A systematic investigation of learnability from single child linguistic input
Yulu Qin, Wentao Wang, Brenden M. Lake
TL;DR
The paper investigates how learnability for language can emerge when a model is trained on the limited linguistic input a single child encounters. It expands prior work by evaluating six architectures across five datasets (three single-child corpora plus baselines) and by using diverse evaluation methods, including the Zorro grammaticality suite, embedding visualizations, and cloze tests. Across configurations, the study finds robust emergence of syntactic and semantic structure and selective sensitivity to linguistic phenomena, mirroring prior single-child studies. The results suggest that data-efficient, child-directed input can support meaningful linguistic representations across architectures, with implications for cognitive modeling and the realism of language-learning simulations, while highlighting limitations and directions for future multi-modal research.
Abstract
Language models (LMs) have demonstrated remarkable proficiency in generating linguistically coherent text, sparking discussions about their relevance to understanding human language learnability.
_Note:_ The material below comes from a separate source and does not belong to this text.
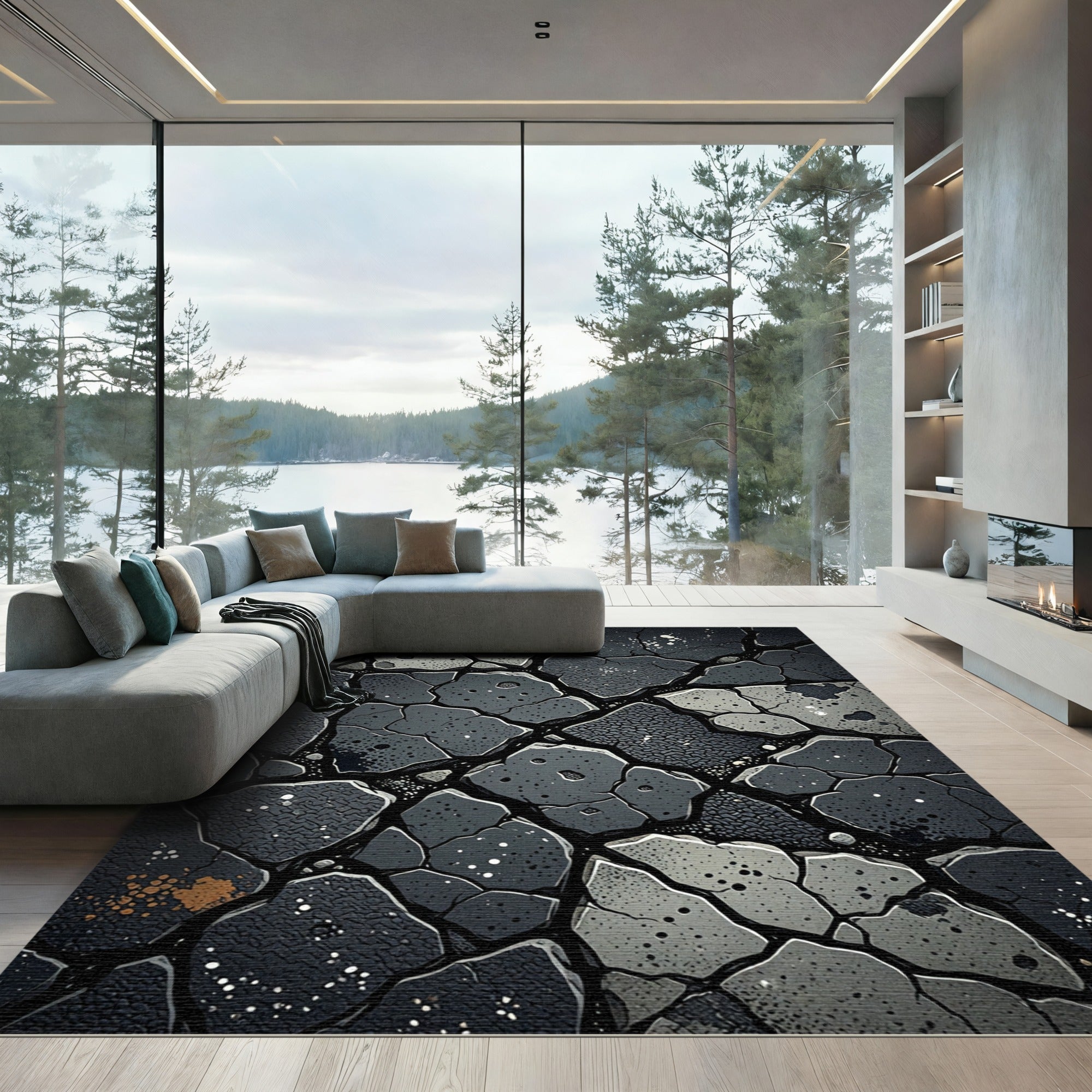 Cracked Stone Textured Mosaic Rug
However, a significant gap exists between the training data for these models and the linguistic input a child receives. LMs are typically trained on data that is orders of magnitude larger and fundamentally different from child-directed speech (Warstadt and Bowman, 2022; Warstadt et al., 2023; Frank, 2023a). Addressing this discrepancy, our research focuses on training LMs on subsets of a single child's linguistic input. Previously, Wang, Vong, Kim, and Lake (2023) found that LMs trained in this setting can form syntactic and semantic word clusters and develop sensitivity to certain linguistic phenomena, but they only considered LSTMs and simpler neural networks trained from just one single-child dataset. Here, to examine the robustness of learnability from single-child input, we systematically train six different model architectures on five datasets (3 single-child and 2 baselines). We find that the models trained on single-child datasets showed consistent results that matched with previous work, underscoring the robustness of forming meaningful syntactic and semantic representations from a subset of a child's linguistic input.